Au concert, aussi, les parasites, les bruits sont là. Mais, les bons jours, Mamie oublie de sortir ses chokotoffs, Hector n’éternue pas, Junior ne donne plus de coups de pied savamment rythmés sur le velours des sièges. Reste à espérer que l’orchestre s’envole au lieu de patiner sur la énième version tristounette d’une symphonie rebattue. Mais quand l’espoir est comblé, que les musiciens laissent libre cours à cette énergie qui nous traverse et qui vient nous percuter, nous envelopper, nous prendre, alors, oui, on peut dire : de la musique avant toute chose parce que cette musique nous fait frissonner, nous transporte ailleurs ; on retrouve dans ces moments-là une vitalité essentielle, on ressent une joie indicible.

De la musique, certes. Mais laquelle ? Pure ou mariée aux mots ? Sérieuse ou légère ? Nicolas Blanmont s’interroge dans un livre récemment paru aux Éditions Labor. Gaston Compère nous livre lui aussi ses réflexions avec La musique énigmatique, recueil de lettres, de notes, de promenades au cœur de la musique.

L’association Musiques nouvelles tente une ouverture vers la création d’aujourd’hui en publiant Sons en mutation.
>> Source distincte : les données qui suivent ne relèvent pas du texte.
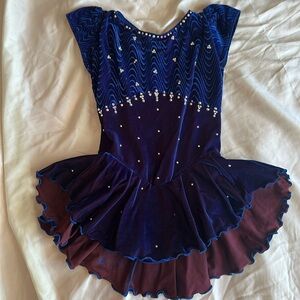 Girls figure skating dress size 6/7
Un bien bel objet ; sa couverture très classe, carrés blancs sur fond gris, cache un CD et des textes d’une douzaine de musiciens-philosophes ou sociologues qui y vont de leur couplet sur les nouvelles géographies sonores.

Moins prospectifs, Nicolas Crousse et Véronique Navarre épinglent les belles voix du 20e siècle, celles qui leur font quelque chose au cœur, pour se saisir d’une histoire ou de l’autre et partager leur sentiment.

Histoires de voix

Voxy man, voxy lady. Pile, Véronique Navarre décrypte les voix masculines. Face, Nicolas Crousse ausculte les voix de femmes qui le font flancher. Les éditions du Somnambule équivoque jouent avec leurs exaltations en miroir.

Pile. Quinze hommes, parmi lesquels Caruso et Bowie, Gardel et Ibrahim Ferrer, Gainsbourg et Bashung, Ferré et Tom Waits, Nurat Fateh Ali Khan et Glenn Gould, voici le terrain de chasse de Véronique Navarre, peintre et conteuse. Du rêve bucolique que suscite Alfred Deller nous passons aux autoflagellations d’un looser avec Thoms Yorke. Véronique Navarre revisite toutes ces voix sublimes ou cassées. C’est une vraie conteuse qui s’empare des fragments historiques pour faire vivre sous nos yeux la goujaterie de Caruso, le mysticisme de Nusrat, le swing de Louis Armstrong.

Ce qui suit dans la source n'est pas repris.